I suppose that if we were told this building was going to be destroyed, we might not see the bigger picture, either. We might feel fear, disbelief, worry and wonder.  I know that when the church had the fire in the early 1980’s, those were real responses, along with thankfulness that the church was not completely destroyed in that fire.  I also know that when this building was skipped over during a destructive tornado, this community and the community outside these walls rejoiced.
We experience much of our faith journey inside the walls of our worship space.  I was told just this week that someone once said that our prayers reside in the bricks of this place.  We bury our dead in our columbarium.  We have institutional memory and spiritual memories that are stored within these brick walls.

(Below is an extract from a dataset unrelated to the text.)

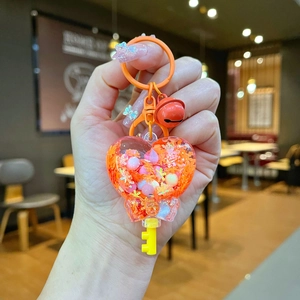 Close-up of heart-shaped orange quicksand keychain with glitters, pearls and small bell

Like the people of the Temple Jesus speaks of, we might believe our church building holds God.  The loss of the Temple made people wonder where God was.  If we lost our building, would we wonder that, too?

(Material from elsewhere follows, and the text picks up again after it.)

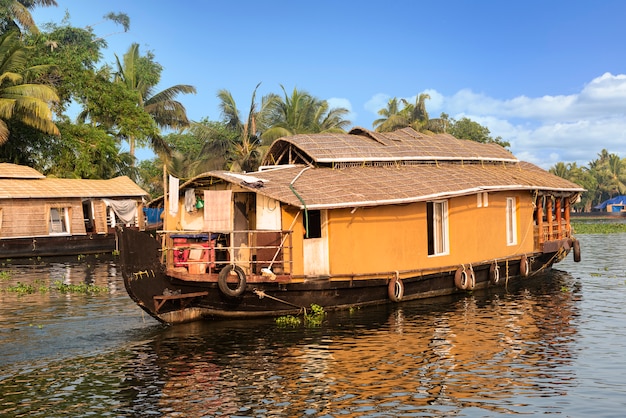 traditional house boat is anchored on the shores of a fishing lake in India.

Now I’m not suggesting our building is going anywhere!  I just want you to think about the importance of the “building” as “God’s home” in Jesus time as much as in our own time.
Jesus comes, remember, to turn the world upside down and to change our way of understanding the power of God, the reign of God, the LOVE of God in the world.  And the most important way that Jesus does this is to take the show on the road.  He got out of the Temple and he showed what it takes to do and be and live like Christ in the world…out in the world.
God isn’t trapped in the building.  We gather in the building to learn about God, yes, but God is not held captive in the building.  We build these beautiful edifices to the glory of God, as places to gather to be with people of God who worship God.  But God isn’t contained in this building.  God is in the world.  And the building is only a small part of the world.
An important part, yes, but the building, the temple, the police station, as it were, cannot contain God.  God is boundless.
It is when we accept that God is in the world that we can accept that our role is to live out God’s love in the world to all of God’s people.  Which, remember, is everyone, because we are all created in God’s image:  beloved in all our manifestations.
Our Gospel today tells us that when we live for God, loving God and loving neighbor, we just might come up against people who do not see God in the same way. People who don’t understand God the way we understand God.  But we are to go out into the world anyway.  We are to share who God is to us and learn who God is to them.  Find our center, our common ground, to build our bridges between and find that we can live with the understanding that God created each of us in God’s beautiful, diverse image.
Jesus promises us that when it is hard or scary to tell others about who God is to us and how we understand who we are to God, Jesus will give us the courage, the strength and the words…the WORDS…to help us tell our faith stories, to tell of our unique journey with God.  To share who Jesus is to us and endeavor to express our understanding of the Holy Spirit.  No.  Not everyone will understand that our way to God is Trinitarian—God, Jesus and Spirit.  But when we tell the story of our faith with love and confidence and with our own truth, Jesus will be with us, guiding those words and actions.  We do not need to be afraid.
We are called to disassemble the structures we have built around God, around ourselves—our own temples, so that we can allow the Holy Spirit to use us, to let Jesus give us the words, to show the world that God is love.  Because, as our Presiding Bishop says, “if it’s about love, it’s about God.”

Let us pray.

Surely it is you, God, who saves us.  We will trust in you so that we will not be afraid.  You are our strength, our protector, our sure foundation.  You are our Savior.  So, when we experience changes that turn our understanding of Your place in the world upside down, like in today’s story of the destruction of the Temple, remind us that you are not contained.  No.  You are everywhere and that’s where we can meet you.  Everywhere.  Amen.